### To do
Type the listing below out again exactly. No images.

### Dataset excerpt
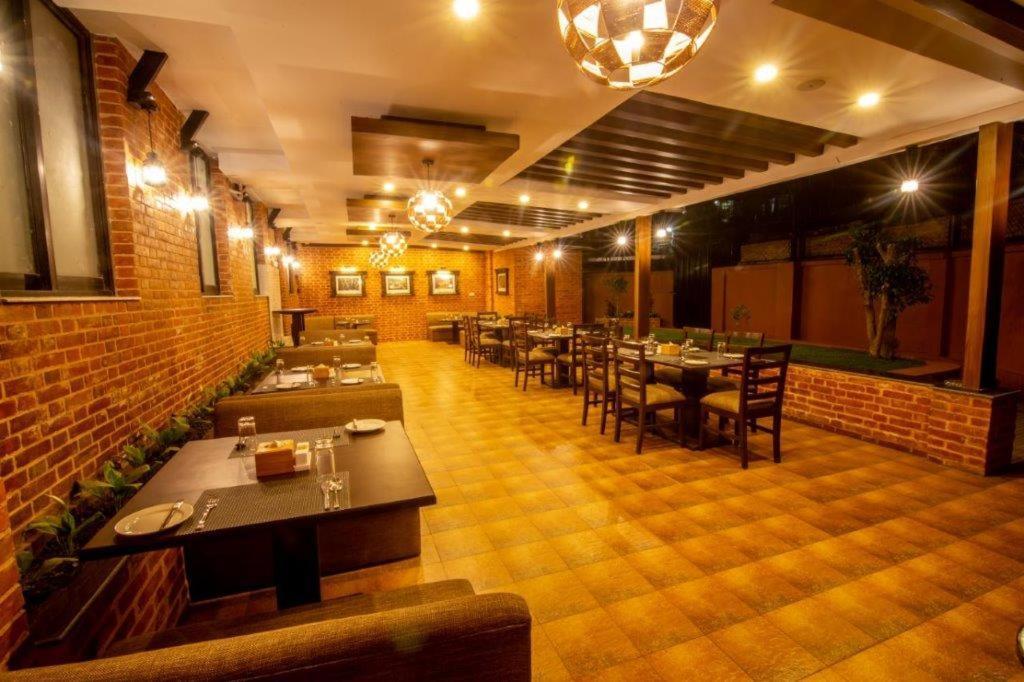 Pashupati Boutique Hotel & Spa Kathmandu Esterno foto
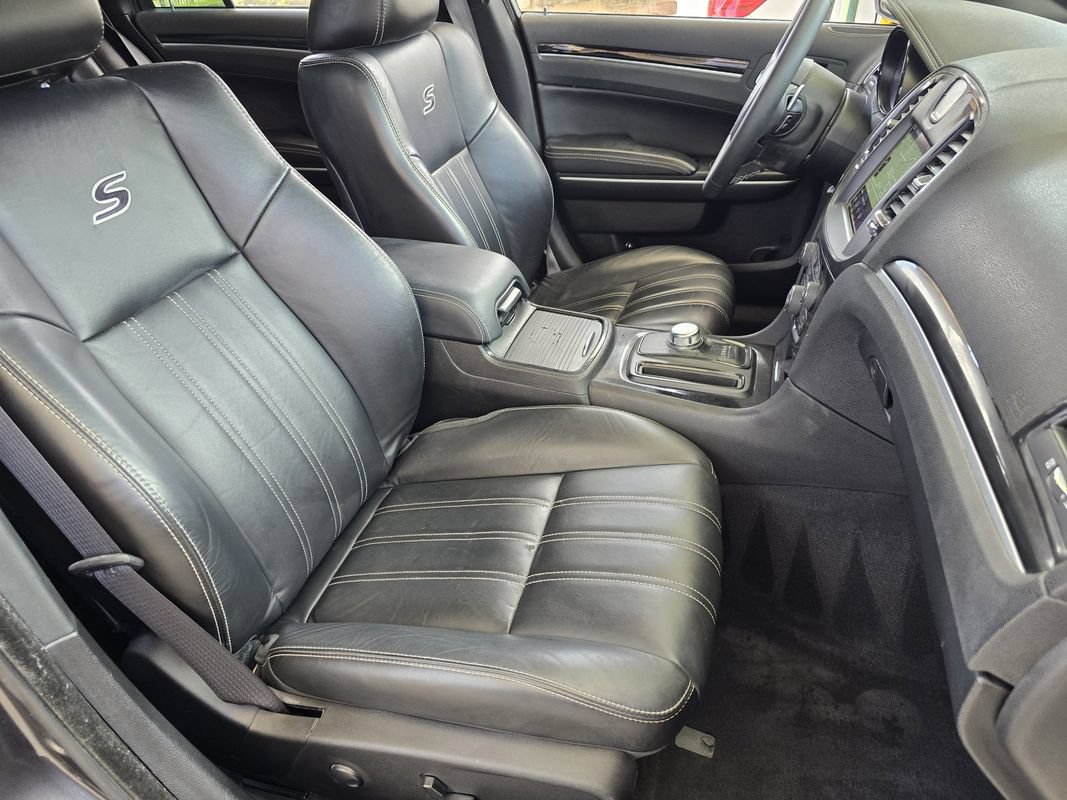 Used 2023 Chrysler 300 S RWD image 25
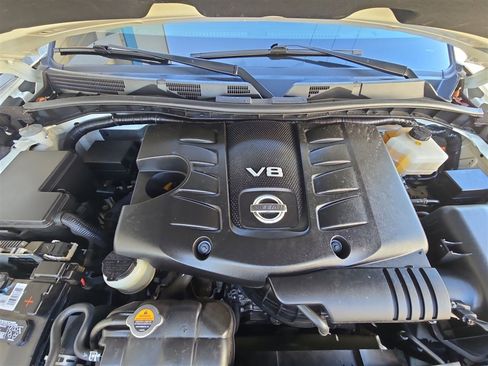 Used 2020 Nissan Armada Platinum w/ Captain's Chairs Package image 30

### Task response
 Pashupati Boutique Hotel & Spa Kathmandu Esterno foto
 Used 2023 Chrysler 300 S RWD image 25
 Used 2020 Nissan Armada Platinum w/ Captain's Chairs Package image 30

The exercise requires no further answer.